Task to carry out
After locating the line with "Vạn Cổ Chí Tôn Chapter 480 31" in the entries below, output it and each following line up to and including the line with "品牌火鍋加盟，抓住這三個(gè)核心要領(lǐng)就夠了！", exactly and without pictures.

Data for this exercise
____________________

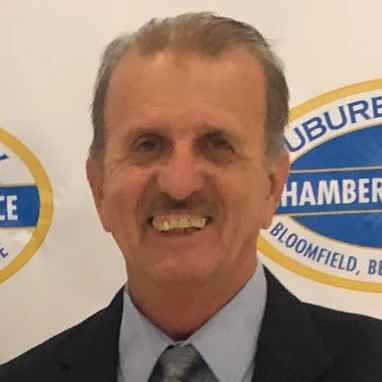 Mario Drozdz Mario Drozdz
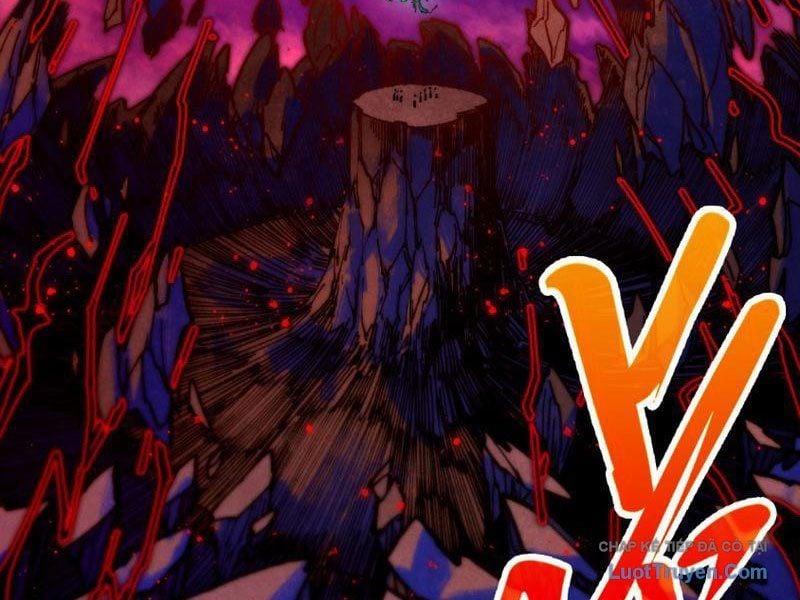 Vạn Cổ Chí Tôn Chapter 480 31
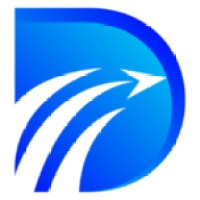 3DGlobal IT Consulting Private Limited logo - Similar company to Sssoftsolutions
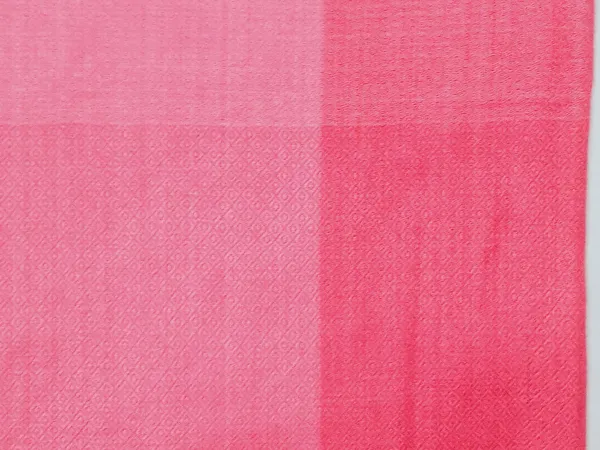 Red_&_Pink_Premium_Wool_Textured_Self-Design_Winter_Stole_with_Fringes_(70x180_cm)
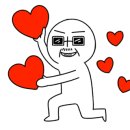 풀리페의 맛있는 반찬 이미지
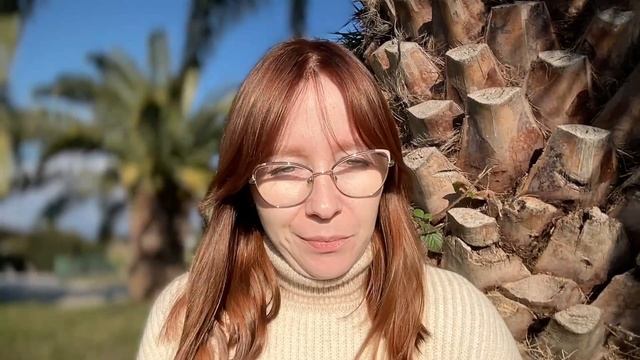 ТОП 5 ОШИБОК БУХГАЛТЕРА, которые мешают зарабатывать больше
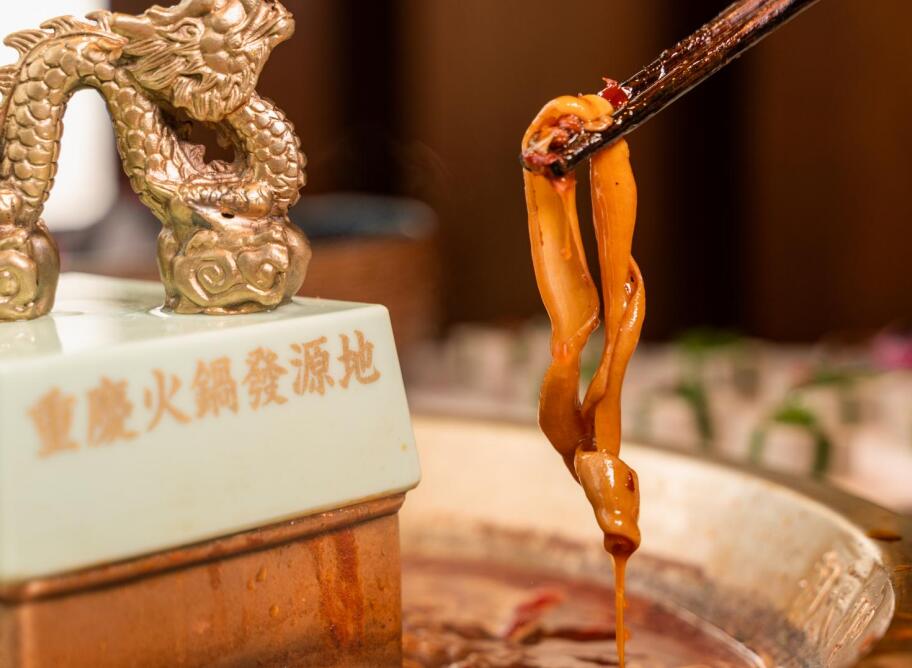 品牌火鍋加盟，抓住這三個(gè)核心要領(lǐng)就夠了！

____________________

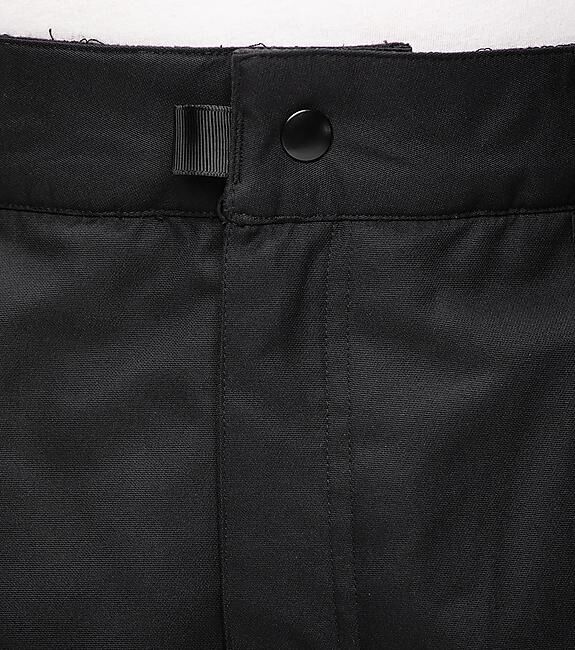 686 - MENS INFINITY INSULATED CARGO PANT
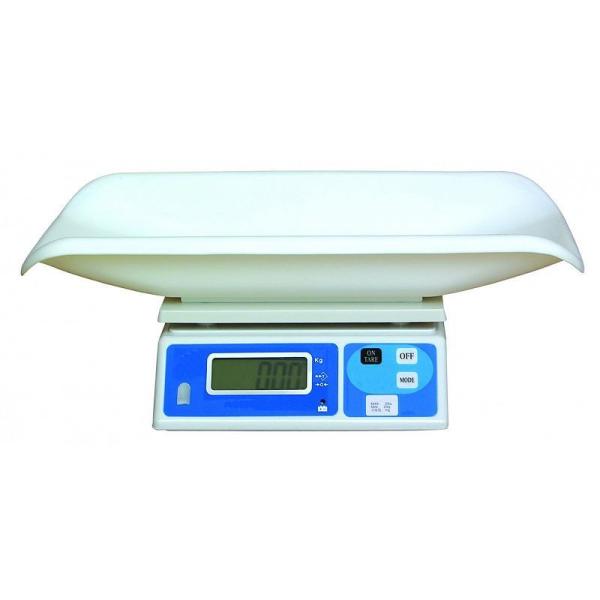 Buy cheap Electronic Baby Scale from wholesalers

____________________

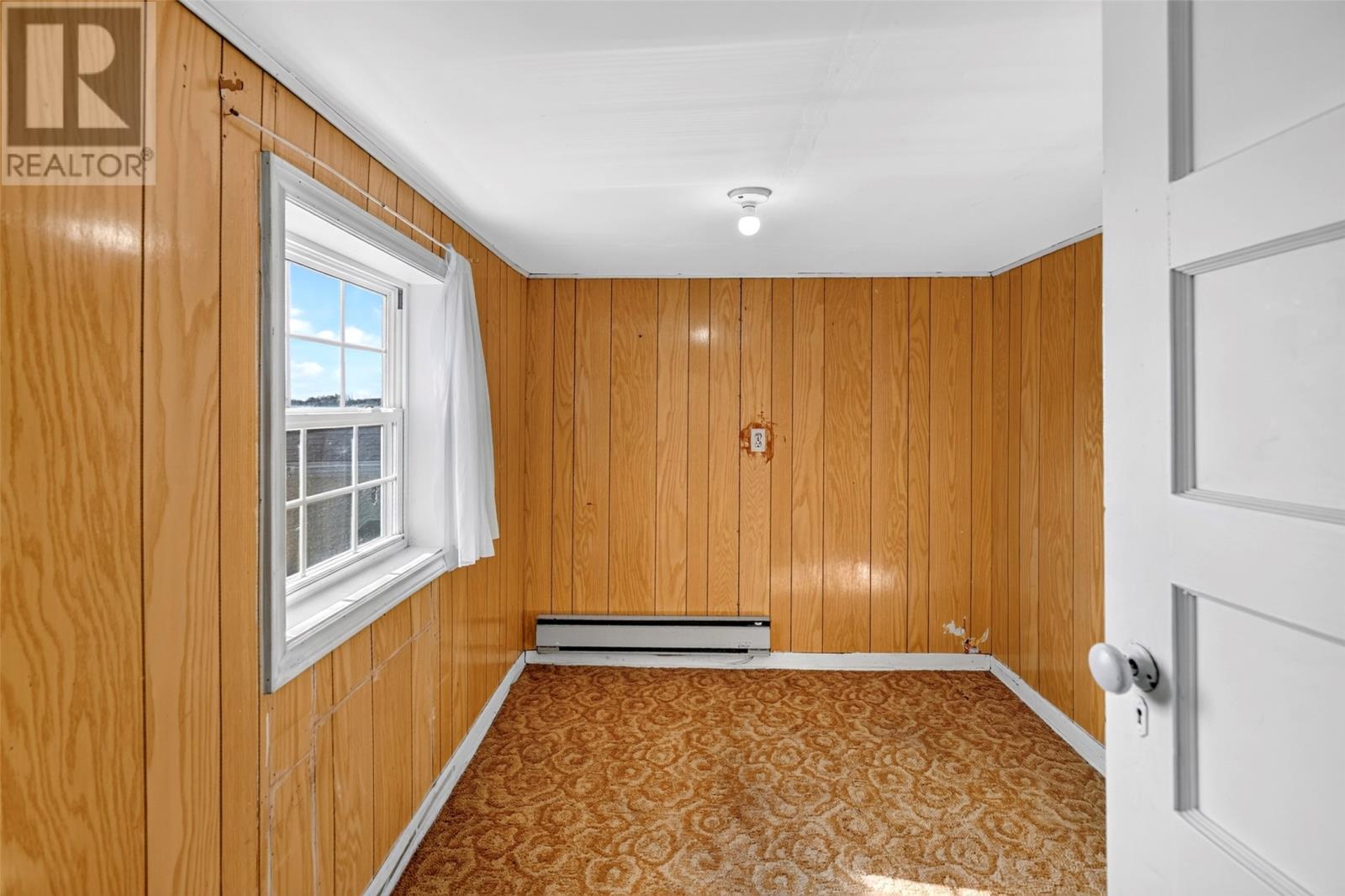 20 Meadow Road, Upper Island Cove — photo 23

____________________

Result of the task
 Vạn Cổ Chí Tôn Chapter 480 31
 3DGlobal IT Consulting Private Limited logo - Similar company to Sssoftsolutions
 Red_&_Pink_Premium_Wool_Textured_Self-Design_Winter_Stole_with_Fringes_(70x180_cm)
 풀리페의 맛있는 반찬 이미지
 ТОП 5 ОШИБОК БУХГАЛТЕРА, которые мешают зарабатывать больше
 品牌火鍋加盟，抓住這三個(gè)核心要領(lǐng)就夠了！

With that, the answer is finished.